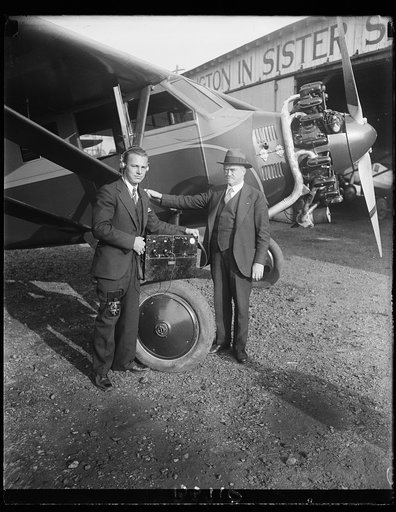Washington inventor says ignition interference from airplane engines is a myth. Ignition interference from airplane engines on aircraft is largely a myth according to C. Francis Jenkins, Washington, D.C., inventor who has designed a radio receiving set which he does not pick up noises from a flying 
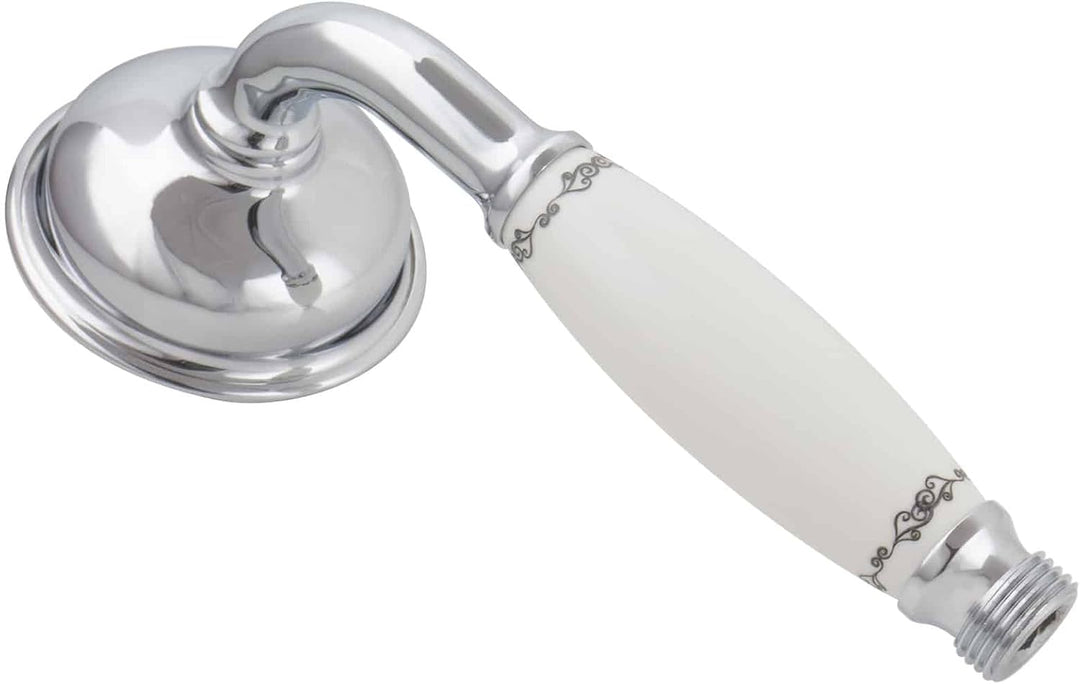 Handbrause retro nostalgie Duschkopf mit Keramikgriff Messing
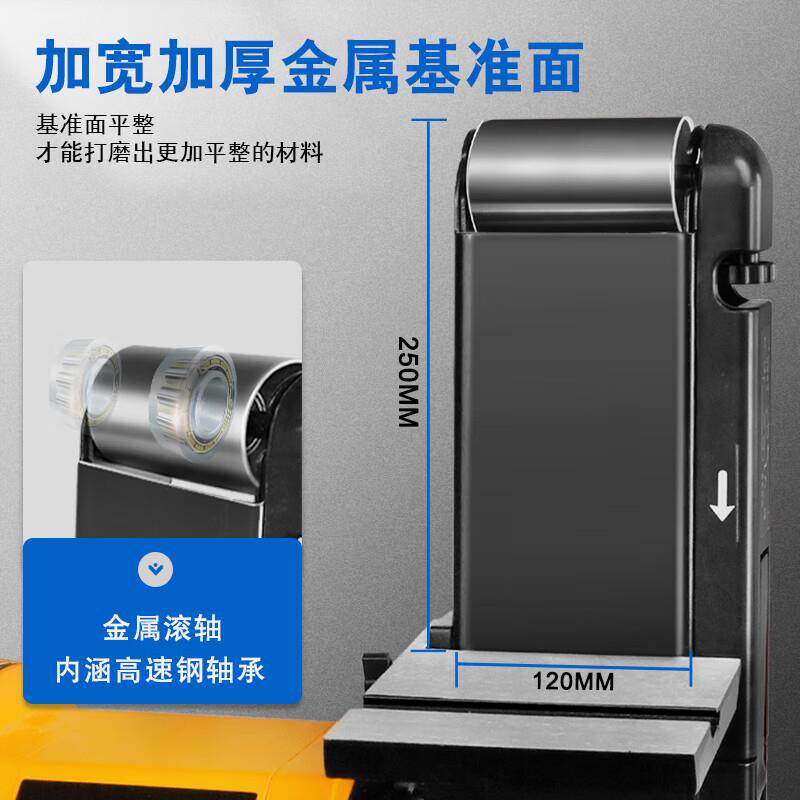 LUXTER洛克士4x8寸台式砂轮砂带机磨刀抛光机木工打磨工具砂轮砂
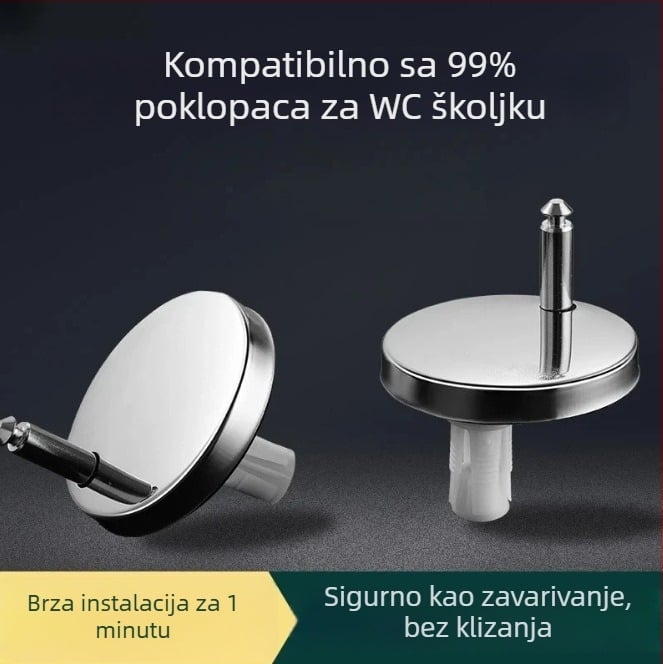 Vijak za fiksiranje sjedalice WC-a, ABS materijal, standardni oblik, moderni minimalistički stil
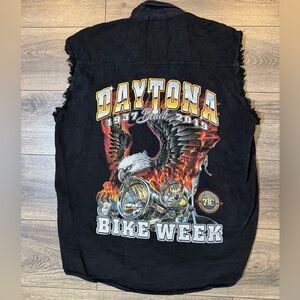 Black Daytona Bike Week Lightweight Vest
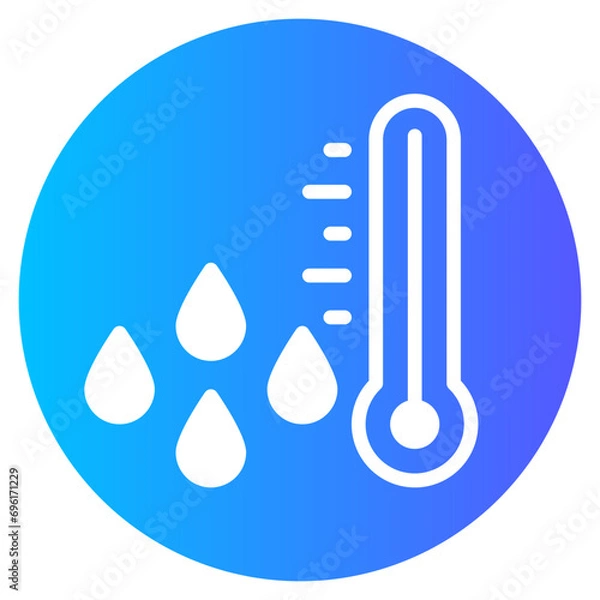 Fototapeta water temperature gradient icon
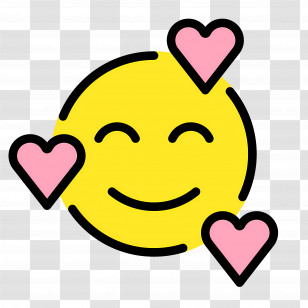 Smiling Face With Hearts Emoji - Smiling Face With Hearts Emoji Transparent PNG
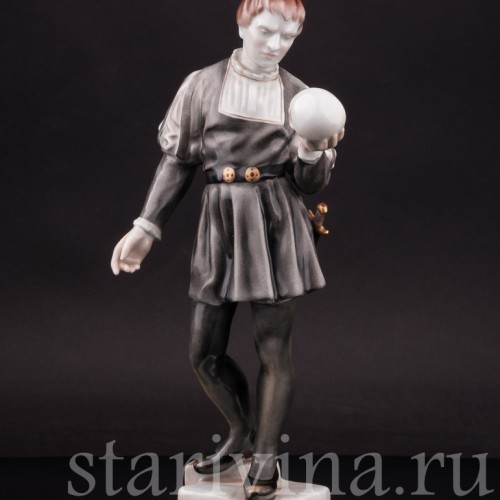 Фарфоровая статуэтка Гамлет, Herend, Венгрия, сер. 20 века.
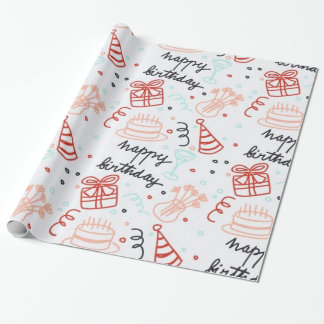 Verjaardag cadeauverpakking cadeaupapier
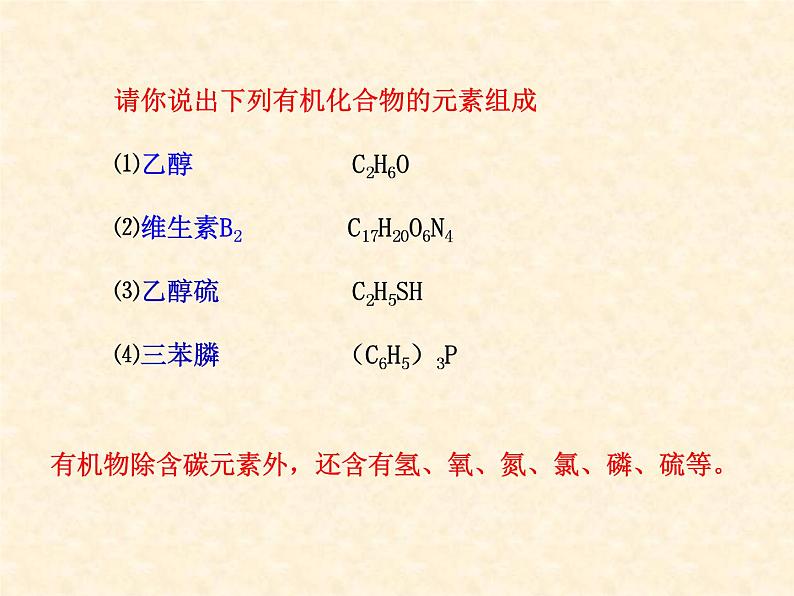 8.1 什么是有机化合物 课件-2020-2021学年九年级化学上册同步备课系列(沪教版)08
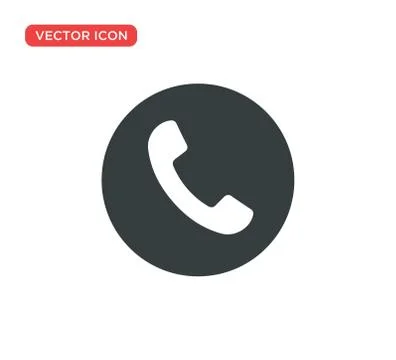 Phone Call Icon Vector Illustration Design Stock Illustration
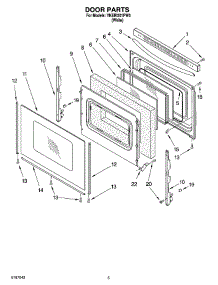 04 - Door Parts parts for Whirlpool Range YKERI201PW0 from AppliancePartsPros.com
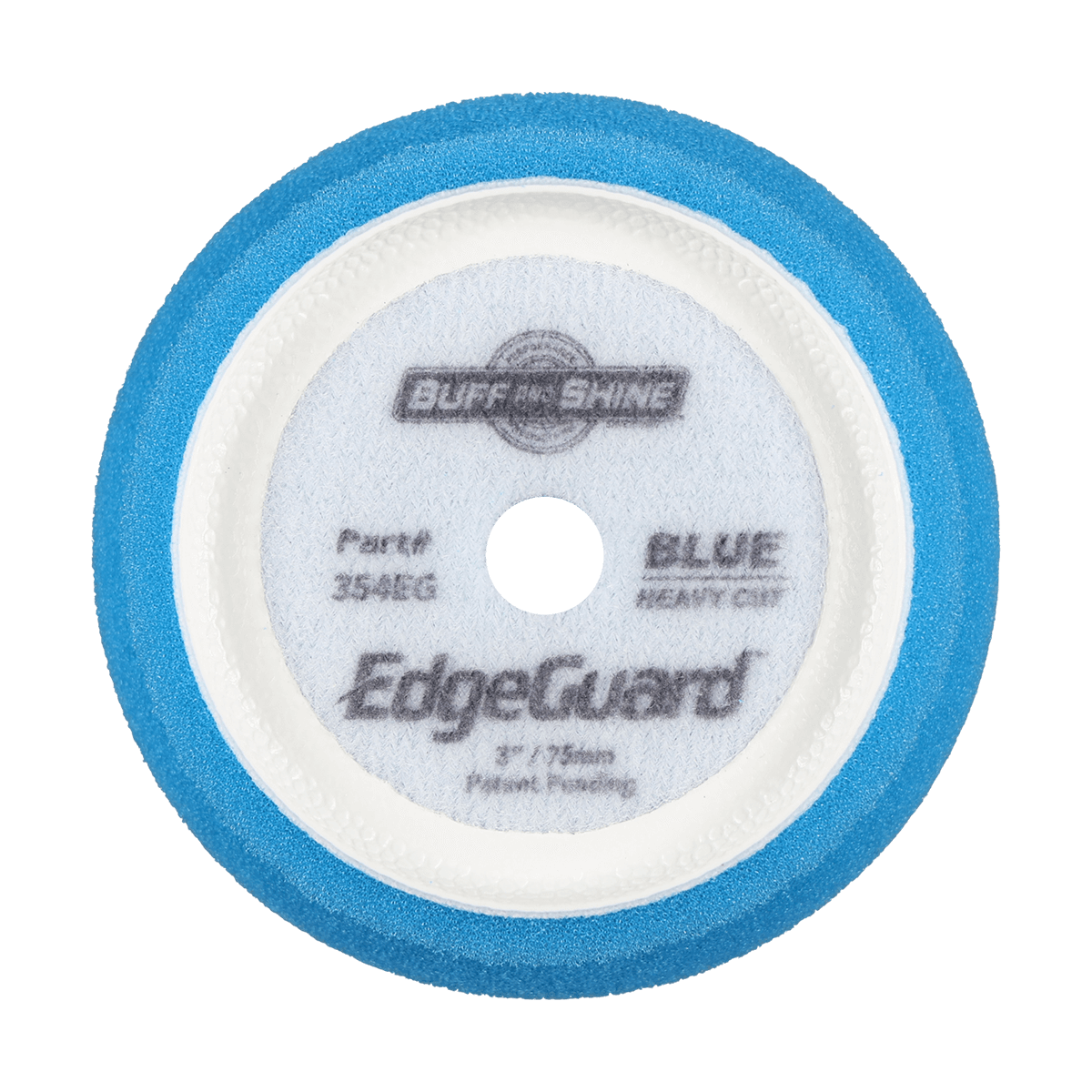 354EG - 3" Blue Coarse EdgeGuard™ Foam Pad - Heavy Cut
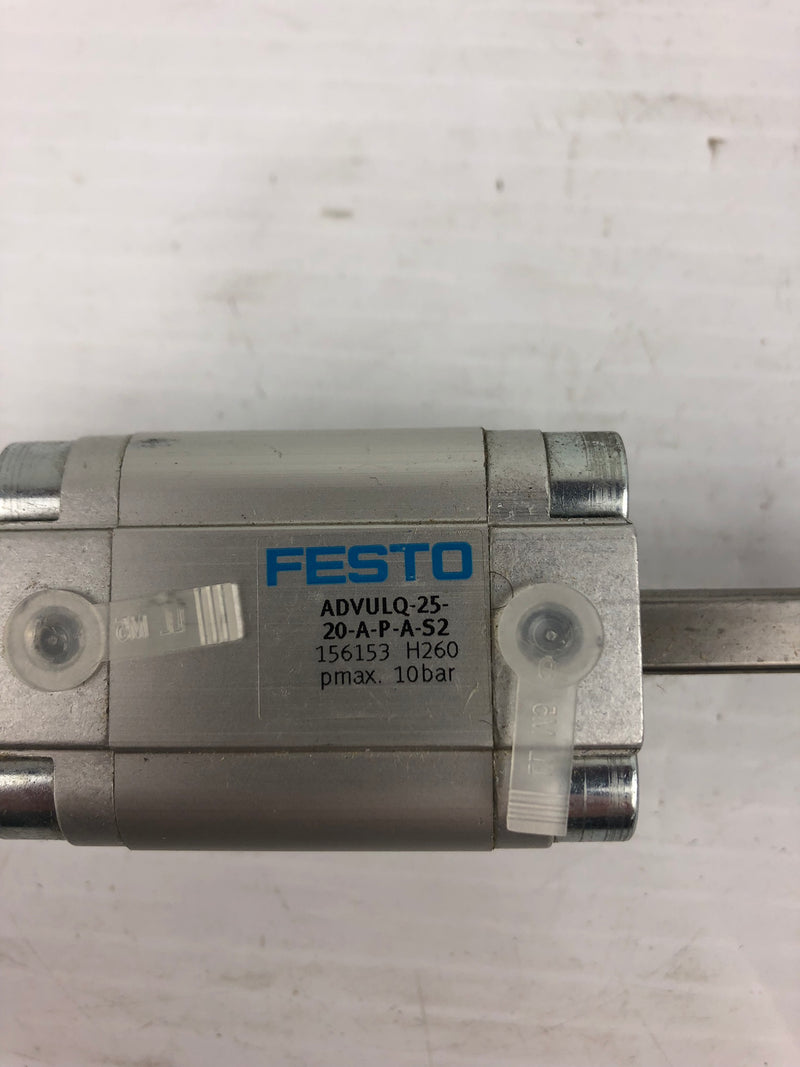 Festo ADVULQ-25-20-A-P-A-S2 Cylinder 156153 H260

▬▬▬▬▬▬▬▬▬▬

Your answer should consist of the lines above between those holding "Fototapeta water temperature gradient icon" and "Phone Call Icon", inclusive, reproduced word for word and without pictures.

 Fototapeta water temperature gradient icon
 Smiling Face With Hearts Emoji - Smiling Face With Hearts Emoji Transparent PNG
 Фарфоровая статуэтка Гамлет, Herend, Венгрия, сер. 20 века.
 Verjaardag cadeauverpakking cadeaupapier
 8.1 什么是有机化合物 课件-2020-2021学年九年级化学上册同步备课系列(沪教版)08
 Phone Call Icon Vector Illustration Design Stock Illustration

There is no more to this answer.